Les pièges du journalisme en temps de crise

«En temps de pandémie, il est facile de tomber dans le piège des comparaisons entre les chiffres, sans considération pour la manière dont ils sont produits», explique Anne-Marie Gingras.
Photo: iStock «En temps de pandémie, il est facile de tomber dans le piège des comparaisons entre les chiffres, sans considération pour la manière dont ils sont produits», explique Anne-Marie Gingras.

Depuis le début de la pandémie, les gouvernements ont modifié leurs méthodes de travail, et de nombreux citoyens, à commencer par les travailleurs de la santé, en ont fait autant. Et les journalistes ? Voici un regard rapide sur trois défis auxquels les médias sont confrontés en situation d’urgence : l’incertitude, le piège des comparaisons et la tentation de l’extrême.
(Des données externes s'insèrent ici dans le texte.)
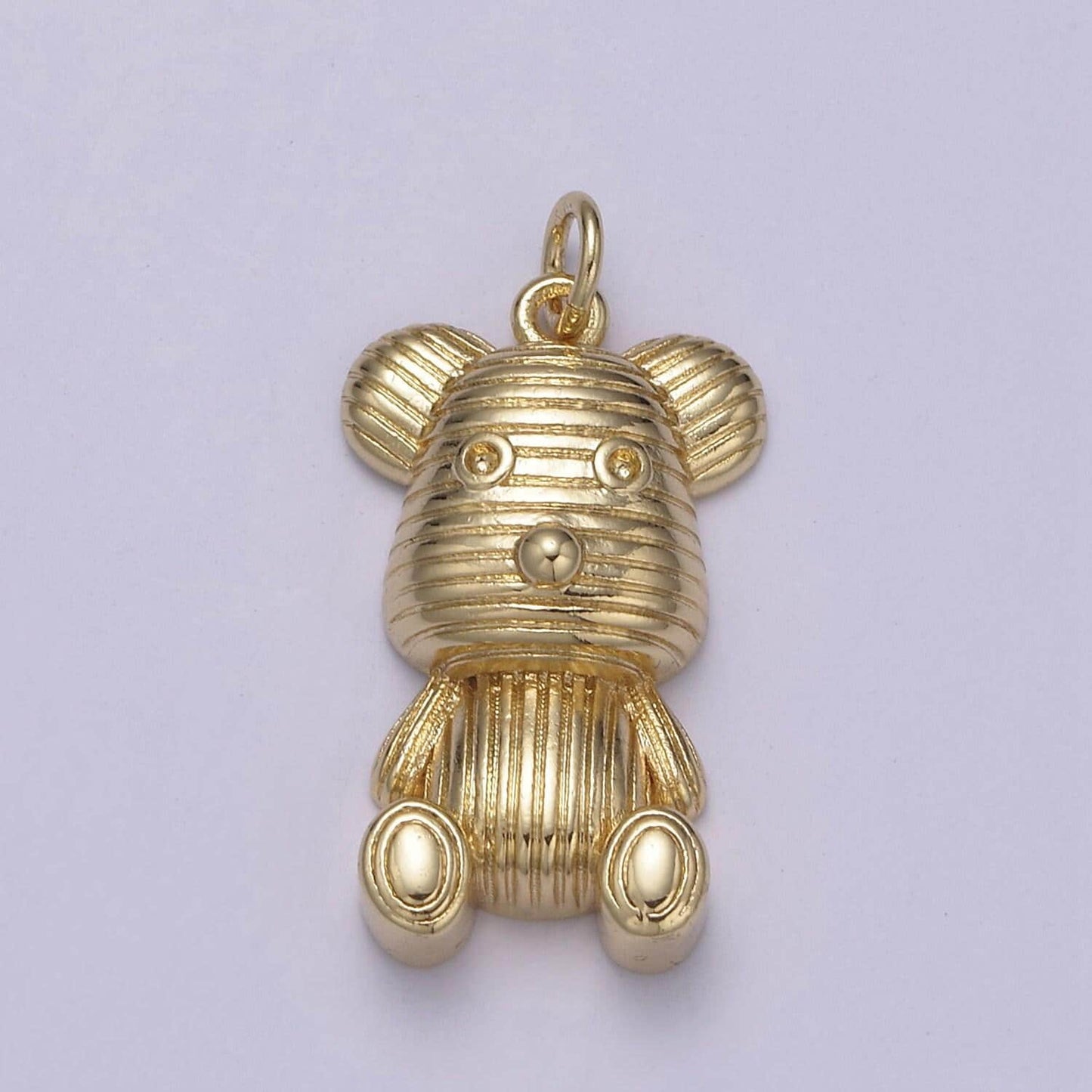 Dainty teddy bear pendant in 14k gold filled charm for kids jewelry w-190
L’incertitude en temps de crise affecte tout le monde. Les médias sont cependant confrontés à des écueils particuliers, car ils fonctionnent sur le mode des attentes et de la recherche de la vérité. Les questions normalement posées aux décideurs du genre « quand allez-vous prendre telle ou telle décision ? » ou « Pourquoi ne pas avoir pris telle décision il y a trois semaines ? », utilisées en temps normal, deviennent en situation d’urgence des questions naïves. Ce sont des coups d’épée dans l’eau qui surgissent à chaque conférence de presse et qui obligent les décideurs à répéter qu’on ne sait pas, qu’on n’exclut rien, qu’on réévaluera la situation en temps et lieu, qu’on ne connaît pas bien ce virus, que les hypothèses scientifiques sont nombreuses mais les certitudes, très rares.

Après sept semaines, on devrait savoir… qu’on ne sait pas ! La prise de décision en temps de crise se fait rapidement, avec des données partielles, et souvent des avis contradictoires émanant d’experts d’ici et d’ailleurs. Éric Montpetit (Le Devoir, 4 mai) et Yves Gingras (Le Devoir, 27 avril) ont bien expliqué les incertitudes liées à la prise de décision en période d’urgence. Ces incertitudes entraînent des risques, et nous obligent à faire des essais, des tentatives et des expériences.

En temps de pandémie, il est aussi facile de tomber dans le piège des comparaisons entre les chiffres, sans considération pour la manière dont ils sont produits. Selon quels choix détermine-t-on la cause du décès lorsque plus d’une est plausible ? Les décès sont-ils comptés en fonction du lieu où ils surviennent ou du lieu de résidence de la personne décédée ? Existe-t-il une procédure de validation et de révision des données (la Belgique en a une) ? On pourrait ajouter : quelle crédibilité accorde-t-on en temps normal aux statistiques d’un pays donné (la Chine ou la Russie, pour ne nommer qu’elles) ? Et que faire des nombreux facteurs qui entrent en jeu dans toute comparaison : début de la pandémie ici ou là, taille des pays et densité de la population, stratégies de dépistage, etc. ? C’est seulement avec le recul, avec des analyses de la surmortalité et avec des enquêtes transnationales de santé publique que l’on pourra y voir plus clair.

Comme m’a déjà dit un journaliste, le lead étire la nouvelle, et le titre étire le lead. C’est la tentation de l’extrême ou, pour le dire plus prosaïquement, la recherche de l’inédit, la volonté d’étonner… bref la recherche du scoop. Quand un décideur répond : « on n’exclut rien » et que la traduction journalistique se fait sur le mode de « le gouvernement songe à… », on a étiré la sauce. Peut-on extrapoler ainsi sans détourner le sens des propos de l’interviewé ? La tentation de l’extrême, c’est aussi renchérir sur des émotions déjà à fleur de peau. Par exemple, comme la situation est véritablement problématique dans certains CHSLD, les témoignages de bénévoles ne connaissant rien de la culture organisationnelle de ce milieu ne sont-ils pas des propos naïfs ? Leur valeur n’en est pas moins grande, mais leurs propos ne devraient-ils pas être contextualisés au lieu d’être mis en vedette pour faire mousser l’indignation ?

Tout comme la prise de décision en temps de crise exige des mécanismes spéciaux, plus rapides, plus agiles et aux résultats incertains, les pratiques journalistiques pourraient intégrer des méthodes de collecte de données et d’information mettant en évidence les incertitudes, expliquant et relativisant les risques et mettant en valeur le pluralisme scientifique. Les citoyens y gagneraient au change.